Vernon Dursley ne comprenait comment ce qui s'annonçait une bonne journée avait pu tourner à ce point au cauchemar. Il s'était pourtant réveillé au bruit et à l'odeur d'un copieux petit déjeuner anglais préparé par sa chère épouse, pendant que son fils faisait valoir ses droits sur la crème glacée. Pourtant en descendant à la cuisine, il aurait du savoir que quelque chose n'allait pas. Pétunia avait laissé bruler les saucisses, le journal n'était pas posé en face de son assiette, et Dudley criait plus fort que jamais pour avoir sa crème glacée.
Lorsqu'il a vu le couffin et la tête de sa femme il a compris. Pour la première fois depuis leur mariage, il partit travailler sans prendre son petit déjeuner, la boulangerie en face de la Grunnings ferait l'affaire.
Et ainsi fut la journée, sa secrétaire se montra particulièrement incompétente, un de ses plus gros clients était injoignable, et ce damné téléphone qui n'arrêtait pas de sonner. Le summum fut lorsque sa secrétaire se permit de lui rappeler le monstre qui l'attendait sous son propre toit.
Aucunement pressé de rentrer chez lui il décida de s'arrêter dans son pub favori, pour y boire une ou deux pintes avant d'affronter le problème que cette bande de clingés avait laissé devant sa porte.
Passant la porte de l'établissement, s'accoudant au comptoir, il commanda sa pinte au patron un vieil homme sérieux, et remarqua au travers de la porte ouverte un jeune, qu'il qualifierait de voyou, en train d'empiler des fûts vides dans la réserve.
-Vous embauchez des punks maintenant ? Demanda Vernon prêt à tout pour se changer les idées même à parler avec le patron du bar.
-M'en parlez pas m'sieur Dursley, c'est mon bon à rien de neveu, il est à Saint Brutus, il a fauché les sacs de deux petites mémés l'été dernier, du coup, son père, mon idiot de frère me l'a refilé pour les vacances, moi j'veux bien, mais s'il veut manger faut qu'il bosse.
-Comme je vous comprends mon cher, dit Vernon masquant un léger rictus. Un plan sortait petit à petit du brouillard et commençait à prendre forme, si le garçon devait rester sous son toit, alors il mériterait ce droit, et mériterait chaque once de tissu et de nourriture que sa femme et lui voudront bien lui accorder, après tout ils n'auraient rien à se reprocher. Ils garderaient le garçon, comme il leur est demandé dans la lettre.
Vernon ignorait juste qu'il était demandé dans cette fameuse lettre de prendre soin d'Harry comme de leur propre enfant.
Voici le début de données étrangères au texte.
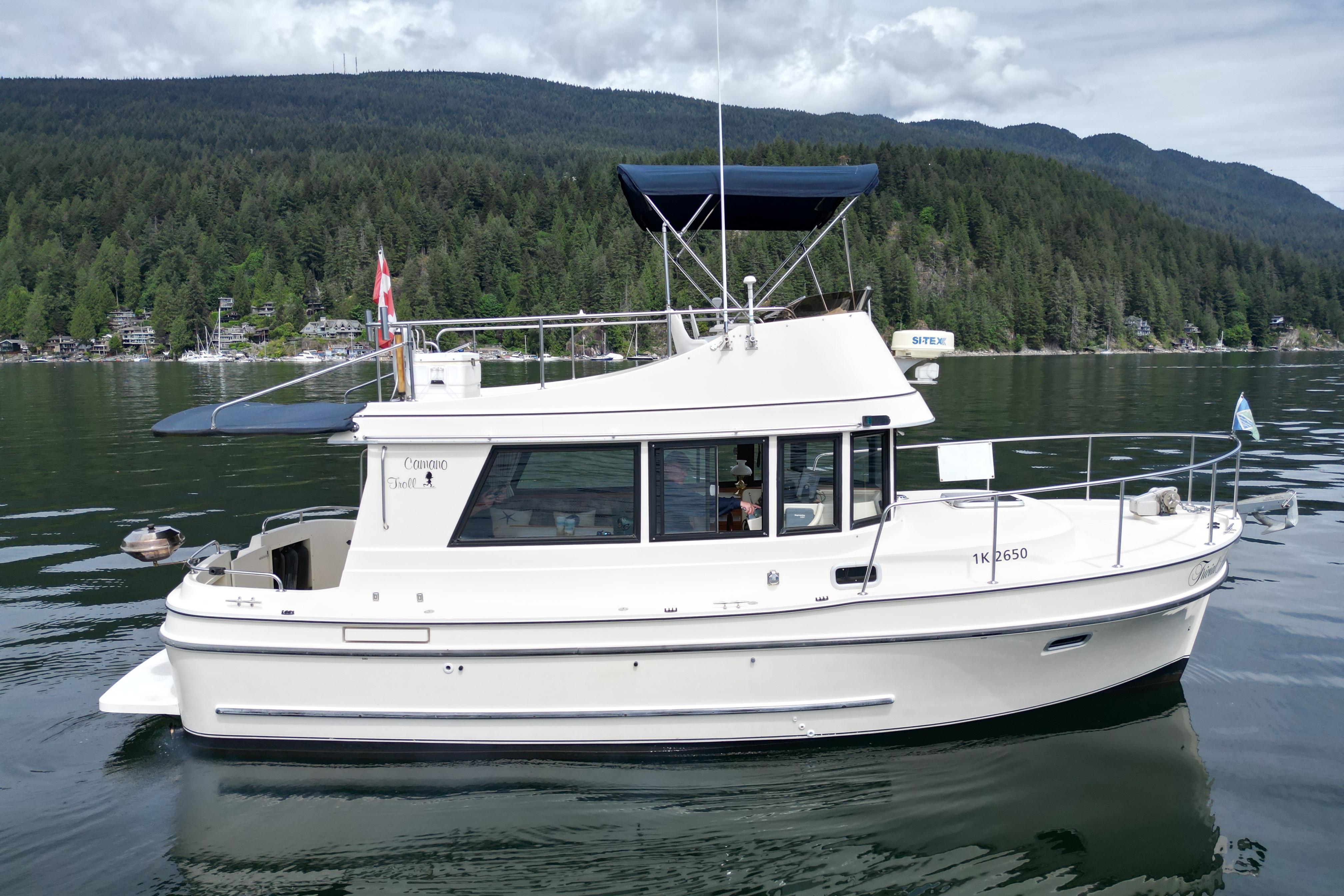 1994 Camano Troll for sale in North Vancouver District, British Columbia, Canada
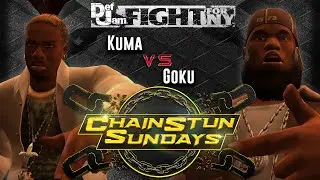 Chain Stun Sunday 4 | Legal Tier | Kuma vs Goku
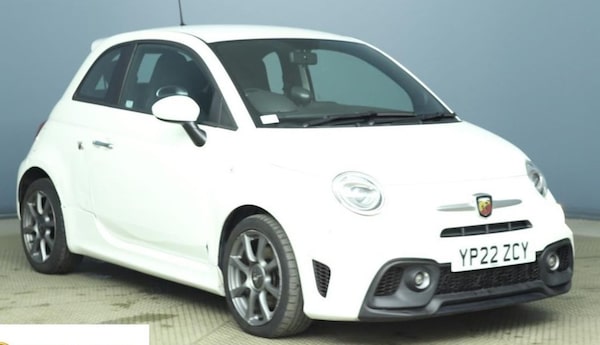 Used Abarth 595 2022 for sale - 76235503: Photo 1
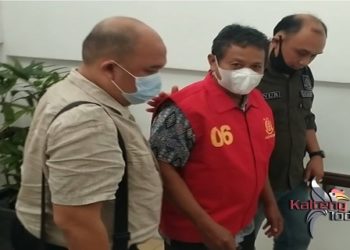 Diduga Korupsi Rp. 7,4 Miliar, Mantan Dirut PDAM Kabupaten Kapuas Jadi Tersangka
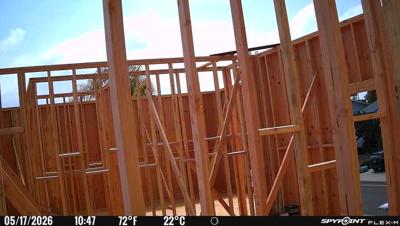 Camera image at 10:47 PST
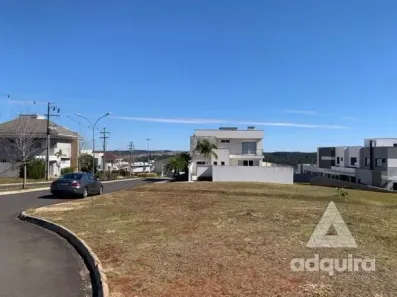 Lote/Terreno à venda, 603m² no Estrela, Ponta Grossa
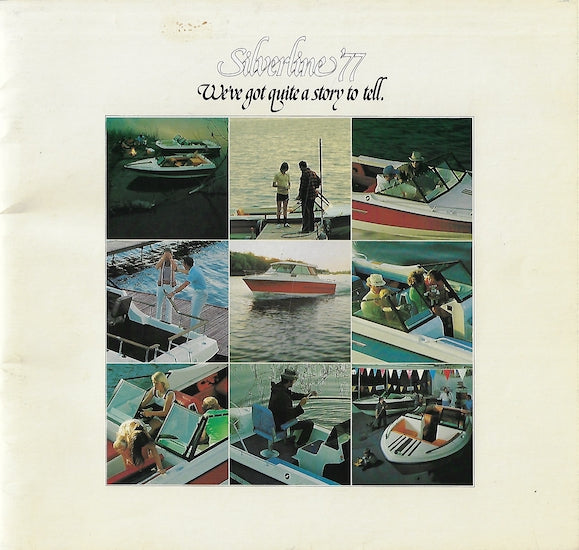 Silverline 1977 Brochure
Encore que si le Professeur Dumbledore savait comment était traité Dudley, il n'aurait probablement pas formulé cela ainsi.
- Minerva ! J'ai besoin de te parler. Le professeur de métamorphose leva à peine les yeux du parchemin qu'elle corrigeait. Elle avait reconnu cette voix, et sachant pertinemment ou elle était l'autre soir, elle se demandait même combien de temps il faudrait au propriétaire de cette voix pour atterrir dans son bureau.
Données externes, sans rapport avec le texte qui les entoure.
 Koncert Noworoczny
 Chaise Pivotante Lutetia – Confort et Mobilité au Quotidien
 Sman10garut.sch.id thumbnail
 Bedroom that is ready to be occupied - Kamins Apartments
- Ariana ma chère amie, que puis-je pour toi ?
- Allons Minnie, tu sais très bien pourquoi je suis ici. Mais qu'est ce qui t'as pris de le laisser faire par Merlin !
Las des intrigues de la fratrie Dumbledore, Minerva leva les yeux du devoir de métamorphose du pauvre William Weasley qui ne méritera probablement pas sa note à la fin de cette discussion.
Et voila le chapitre 4 :) une review fait toujours plaisir :)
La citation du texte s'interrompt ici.